Michel Alefteriadis: The Turks do not know if they are secular or Islamists, Europeans or Asians. They do not know whether to be proud or ashamed of their Ottoman history.
Interviewer: And the Japanese?
Michel Alefteriadis: They have a problem with the period of World War II. The Japanese live as if they were in the 22nd or 23rd century. In the past 30 or 40 years, the standard of living in Japan has surpassed that of any other country. The leading technological inventions come from Japan.
Interviewer: What language do you speak?
Michel Alefteriadis: Our language is called Globish, which is poor or broken English, or global English. It is English that has been reduced to a handful of words, so that people around the world can communicate without killing...
Interviewer: You say that you are the first and last emperor of Nowheristan.
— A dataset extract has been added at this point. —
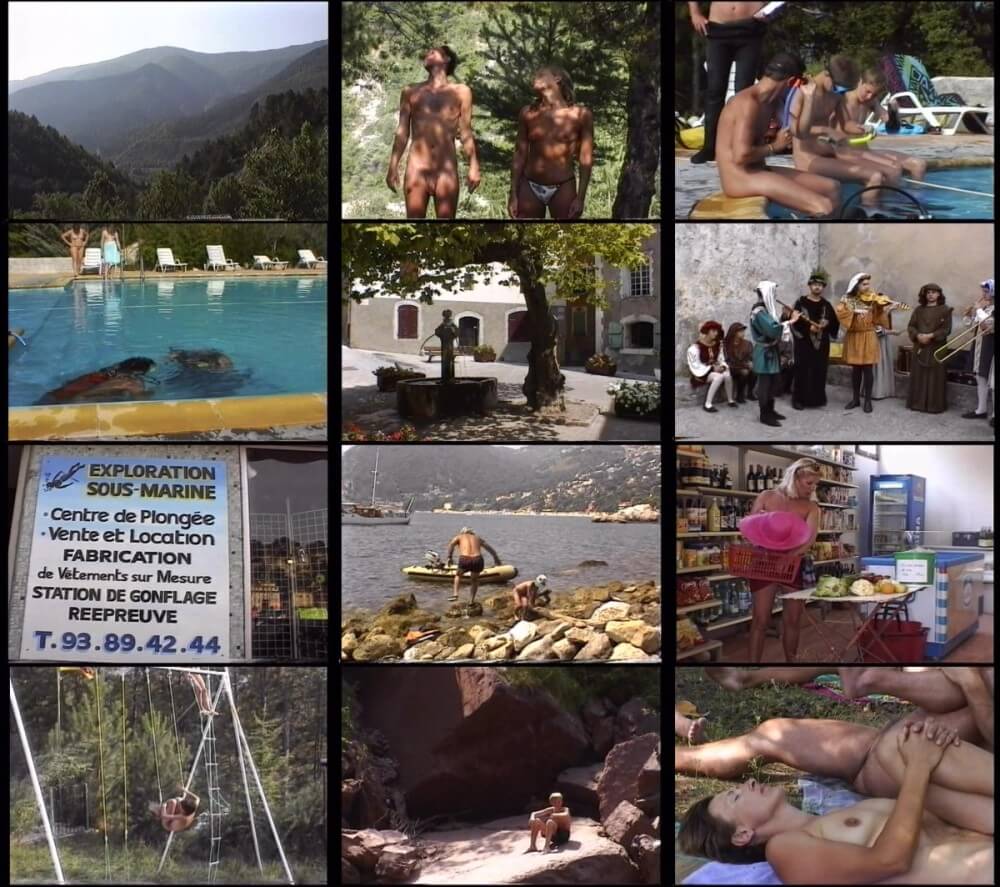 Enature - Naturists in the Mountains - Nudity helps one better understand oneself and the surrounding world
Why?
Michel Alefteriadis: Because the constitution does not allow another emperor after me, and I will be the emperor as long as this does not become a real [state]. I do not believe that any person can be a sole ruler. The rule should be in the hand of several wise people. It should be held by senates, which would make all the decisions.
Interviewer: You say that 1,200 people from the elite of the world should make all the decisions, and people should follow them. Absolutely. So you eliminate democracy...
Michel Alefteriadis: I am against democracy. In a democracy, the vote of someone who is not too smart equals that of Einstein.
Interviewer: Who are you influenced by?
Michel Alefteriadis: My system is eclectic. I have selected the good things from all regimes. Even the Fascist regimes, very cruel regimes, and regimes that were toppled, like the Communist regimes, had some good things to offer. The regime was toppled, but that does not mean we should throw away everything.
The only solution for Lebanon is to turn to a system like that of Nowheristan. As long as there are superpowers in the world, each group of Lebanese will serve as a proxy of a superpower.
I am sure that within 20 years, Nowheristan will become real. When I see the exponential growth of the people of Nowheristan, I am sure that one day, I will be able to call for a civil revolt – at first in several countries. People will stop going to work and will leave their cars in the streets. The regimes will collapse, and regimes that believe in Nowheristanic ideas will replace them. The rule should not be left to the politicians, because politicians are skilled liars. They have nothing to offer except the ability to lie.
When I see that people like Berlusconi or Sarkozy have reached power in superpowers like France and Italy, I am afraid. Then I recall that Hitler reached power through democracy in 1933, and I am afraid some more.